Ending a tenancy: overview

Tenants can be evicted only according to legal process. VCAT can block an illegal eviction. Tenants must give 28 days notice if they wish to vacate a property. Landlords can seek compensation for breaking a lease. Being in arrears with rent can lead to a 14-day Notice to Vacate. Failure to pay a bond may result in as notice to vacate. If a property is to be renovated or sold tenants must receive 60 days notice.

How is a tenancy agreement terminated?

If the landlord gives a valid Notice to Vacate or the tenant gives a valid Notice of Intention to Vacate, the tenancy agreement ends when:

the tenant vacates the premises; or

the landlord obtains a possession order from VCAT and the tenant vacates; or

a warrant of possession is executed.

For information about Ending a tenancy: tenant wants to leave and Notice to Vacate, see below.

Illegal evictions

A possession order does not, by itself, allow the landlord to evict the tenant.

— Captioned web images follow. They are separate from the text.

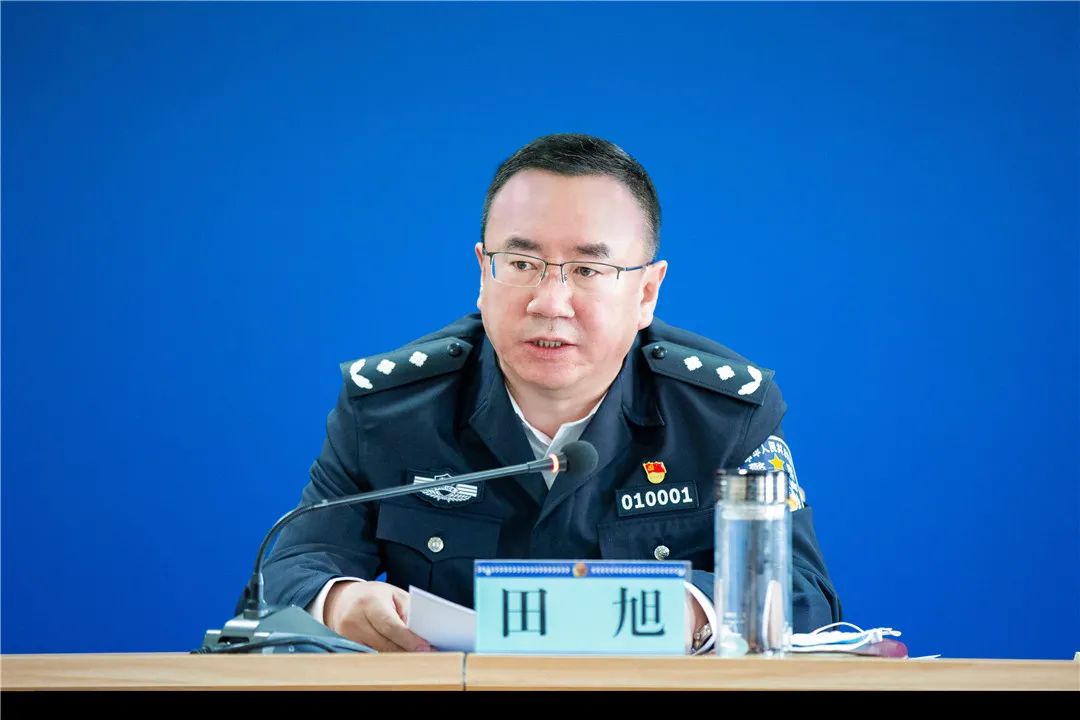 预防三种倾向打好三场战役念好三字要诀市局部署推进专项行动和扫黑除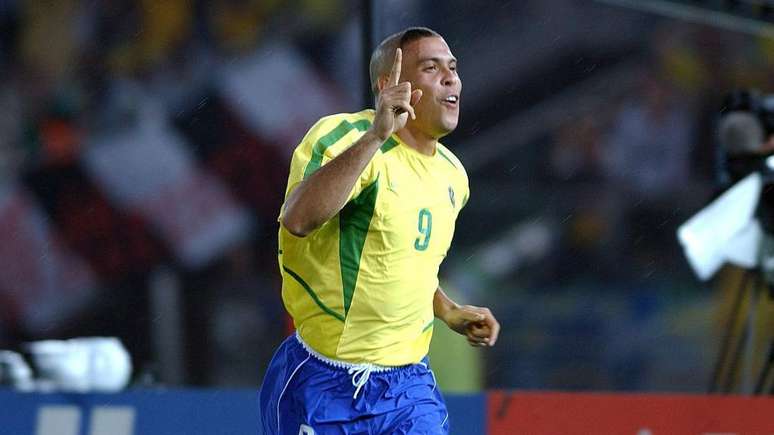 Ronaldo encontrou a reden&ccedil;&atilde;o com a vit&oacute;ria do Brasil na Copa de 2002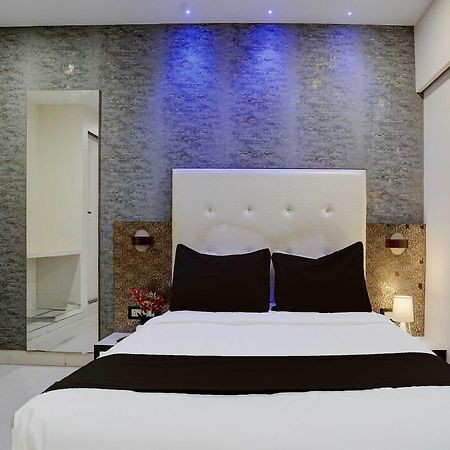 Hotel O Golden Star Mumbai Ngoại thất bức ảnh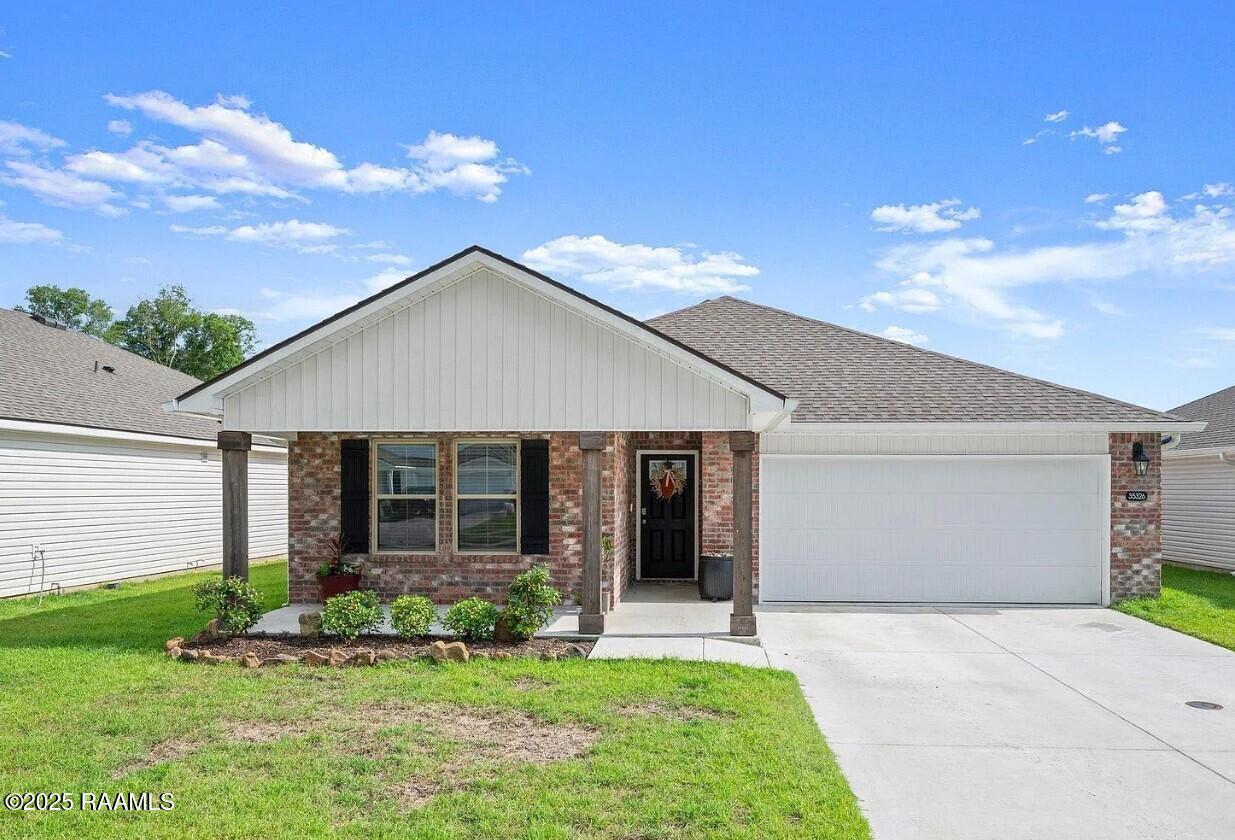 Foto principal - 35326 Grovemont Dr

The landlord must also obtain a warrant of possession from the principal registrar of VCAT. The warrant of possession is then executed by the police, the locks changed and the tenant evicted. The landlord may or may not be present.

It is an offence for a landlord or their agent to require or compel the tenant to vacate the rented premises except in accordance with the RT Act. It is also an offence for the landlord or their agent to obtain possession of the rented premises by entering them, whether the entry is peaceable or not. It is a defence if the landlord can show that they had reasonable grounds to believe that the tenant had abandoned the premises (s 229).

If a landlord threatens the tenant with an illegal eviction, the tenant should urgently apply to VCAT under sections 452 and 472 of the RT Act for a restraining order, by immediately attending VCAT in person. They need to show evidence of the threat.

It is strongly recommended in such circumstances, that the tenant take photographs of their personal belongings, tenancy agreement, rent rental receipts and other documents to support the existence of their tenancy and the goods inside the premises at the time of a possible illegal eviction. It is good practice to email these to the tenant, for accessibility and safe keeping.

If the landlord has threatened violence, the tenant may also have grounds for obtaining an intervention order from the Magistrates’ Court.

If the landlord attempts to illegally evict the tenant, the tenant should call the police. The police should restrain the landlord from evicting the tenant; however, they are often reluctant to act unless the tenant has a restraining or intervention order against the landlord.

If the tenant has been illegally evicted, they should apply immediately (in person if possible) for an urgent hearing at VCAT. The tenant should ask VCAT for an order restraining the landlord from further illegal actions, and an order under section 472 that requires the landlord to allow the tenant back onto the premises.

Such conduct may amount to a repudiation of the agreement, and the tenant may seek to recover their goods and apply for compensation for the tenancy being unlawfully terminated. This is best discussed with VCAT or a legal advisor.

In the event of illegal eviction, the tenant should lodge a complaint with CAV or the police and ask for the landlord to be prosecuted for a breach of section 229. The tenant can also make a compensation claim against the landlord for any loss or damage caused by the illegal eviction. The tenant should be advised to keep receipts and details of any expenditure caused by the illegal eviction (such as the cost of alternative accommodation).

If a person is not complying with a restraining order, evidence of their non-compliance should be acquired and legal advice sought immediately (see Legal services that can help).